Я сидел, обдумывая услышанное, а точнее, пытаясь нарисовать в своем воображении картину только что описанного происшествия. Разум Доры был накреп­ко закрыт, и мне не удавалось выудить из него хоть какие-то образы, но голос ее, когда она рассказывала о случае в баре, звучал совершенно искренне. Мне, как и любому, кто когда-либо гулял по знаменитой Мэгазин-стрит — этому памятнику временам расцвета ирландских поселений,— был хорошо известен бар «Корона». Приходилось встречаться и с бандитами в остроносых ботинках — такими же, как те парни, ко­торые выбили и раздавили глаз Микки.

— Они наступили на него и буквально размазали по полу,— сказала вдруг Дора, словно прочитав мои мысли.— Дедушка не раз повторял: «Глаз можно бы­ло спасти, если бы они не растоптали его своими ост­роносыми ботинками».

Какое-то время мы оба сидели, не произнося ни слова.

— Но это ни о чем не говорит и ничего не доказы­вает,— первым нарушил молчание я.

— Это говорит о том, что вашему другу — или врагу — известны определенные тайны.

— Но не доказывает, что он дьявол,— возразил я.— И вообще, почему он выбрал именно эту историю?

— А что, если он сам при этом присутствовал? — По лицу Доры скользнула горькая улыбка.

Мы оба коротко рассмеялись.

— Вы сказали, что он дьявол, но не несет в себе зла,— напомнила Дора.

Вид у нее при этом был доверчивый и в то же вре­мя решительный.

Я чувствовал, что не ошибся, решив просить у нее совета.

Она тем временем продолжала пристально смот­реть на меня изучающим взглядом и наконец попро­сила:

— Расскажите, что делал этот дьявол.

Я поведал ей все, от начала до конца. Пришлось признаться и в том, что я преследовал ее отца,— ибо я не помнил, говорил ли ей об этом раньше.
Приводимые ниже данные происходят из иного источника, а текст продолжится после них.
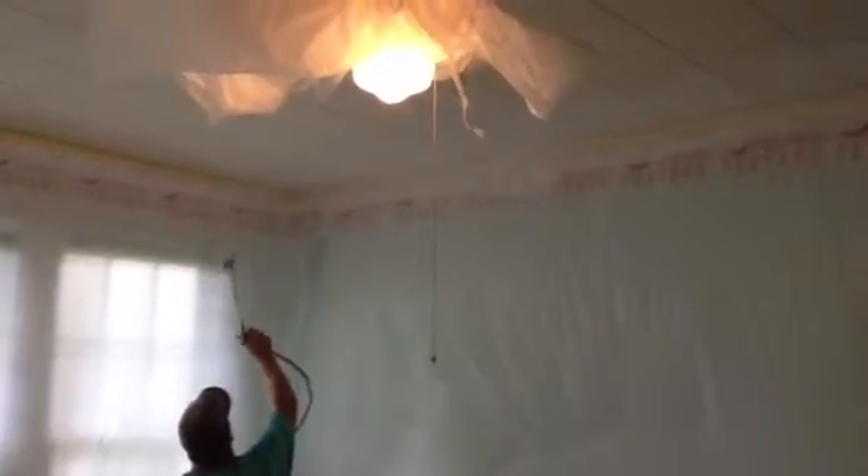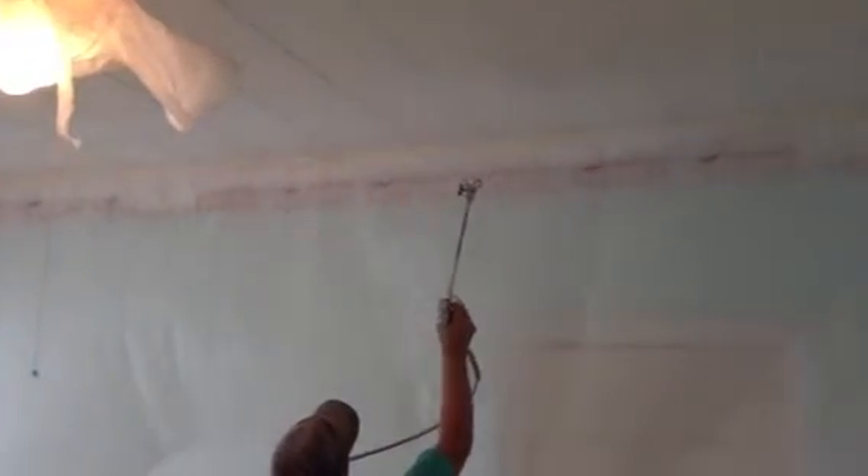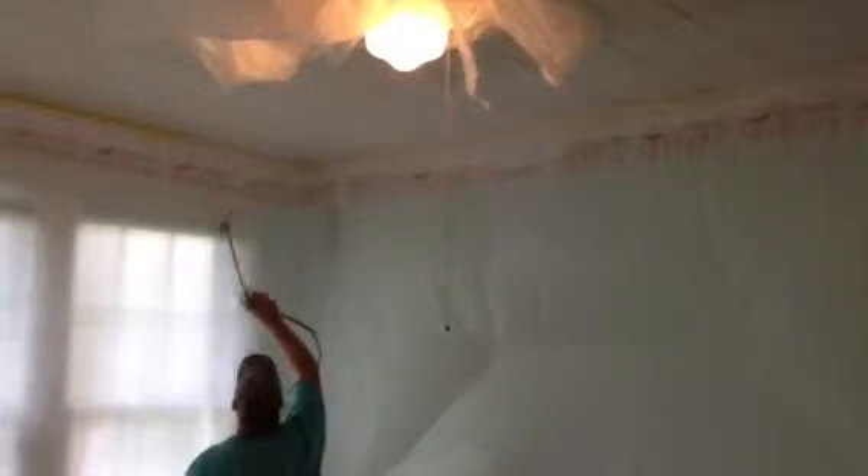I just wanted to show you how we go about priming this Armstrong ceiling tile. This is a really good way to go about it. We've got our walls protected, floors protected, and we've got some extensions stacked on the spray gun, so we're able to get all of this off the floor. No dragging the ladders with us — we're working off picks.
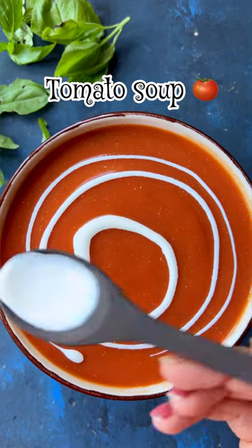As tomato season arrives, this no-cream tomato soup recipe feels like a cozy hug straight from my garden. So let's dive in.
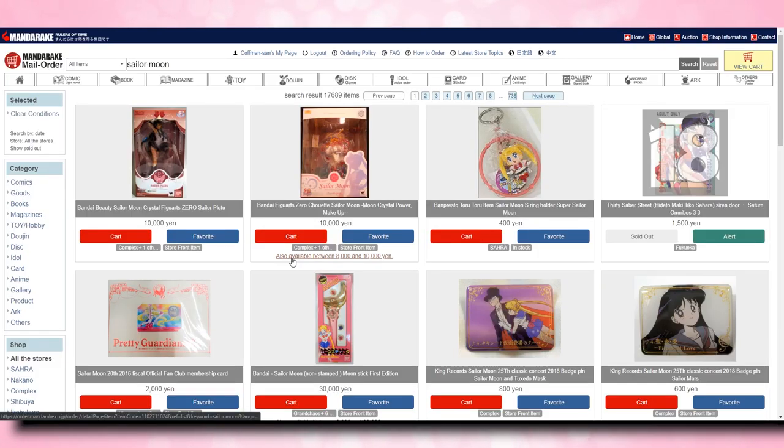Now if you find an item that you're specifically interested in, there are a couple of links right below the item. You'll see the item image, the name, the price which is in yen — for example, this Sailor Moon figure is 10,000 yen, which is a little bit less than $100. Then you see 'cart' and 'favorite.' If you want to buy it immediately, you can add it to your cart. You can also add it to your favorites list, which is kind of like a wish list. And right below that you have the store information where it's located.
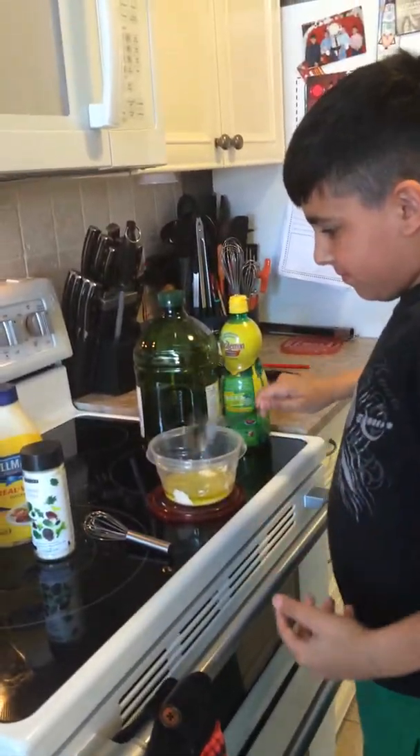Right now he is incorporating two tablespoons of mayo. Of course, you could add some Greek yogurt if you wanted to. Just to show you how easy it is,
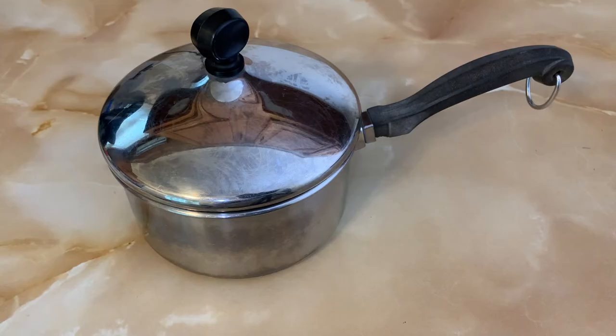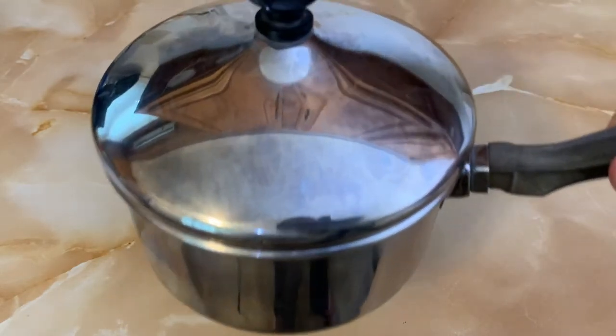Here we have a Farberware 1-quart, 6-inch stainless steel saucepan, 1810, with lid. And this is pre-owned in great condition.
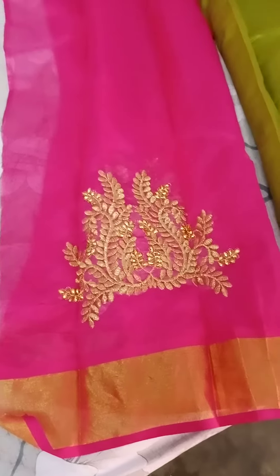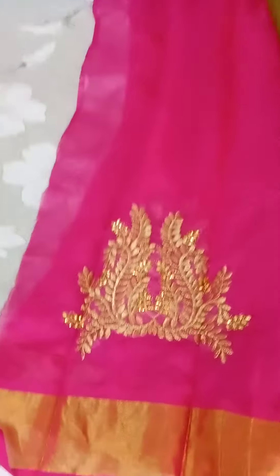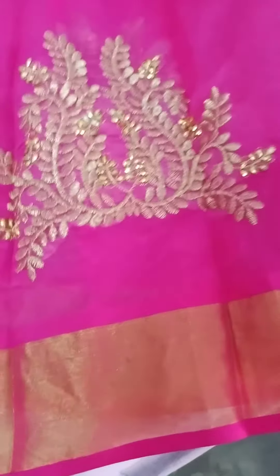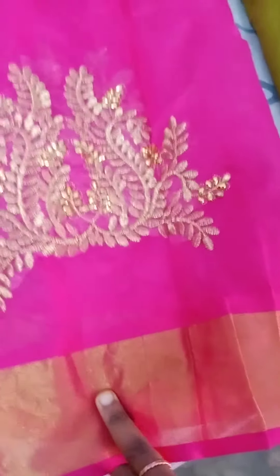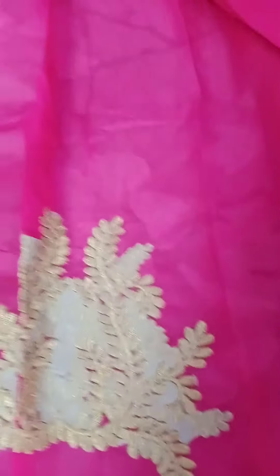Hi friends. I'm going to use this blouse. I'm going to use thread work and thread stones.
Потом я подробно — так же как Дэвиду с Арманом — описал все, что со мной происходило, и как дьявол следовал за мной по пятам. А в завершение произнес те же сло­ва, что и им: «Недремлющий разум и ненасытный ха­рактер». И это истинная правда Я не знаю, откуда мне в голову пришла такая характеристика, но она совершенно справедлива».

— Повторите, пожалуйста,— попросила Дора. Я повторил.

— Лестат... Возможно, моя просьба покажется вам неожиданной, даже абсурдной, но… Не могли бы вы заказать какую-нибудь еду? Или, быть может, вы сами раздобудете что-то. Мне необходимо как следу­ет осмыслить ваши слова.

— Все, что пожелаете,— откликнулся я, вскакивая на ноги.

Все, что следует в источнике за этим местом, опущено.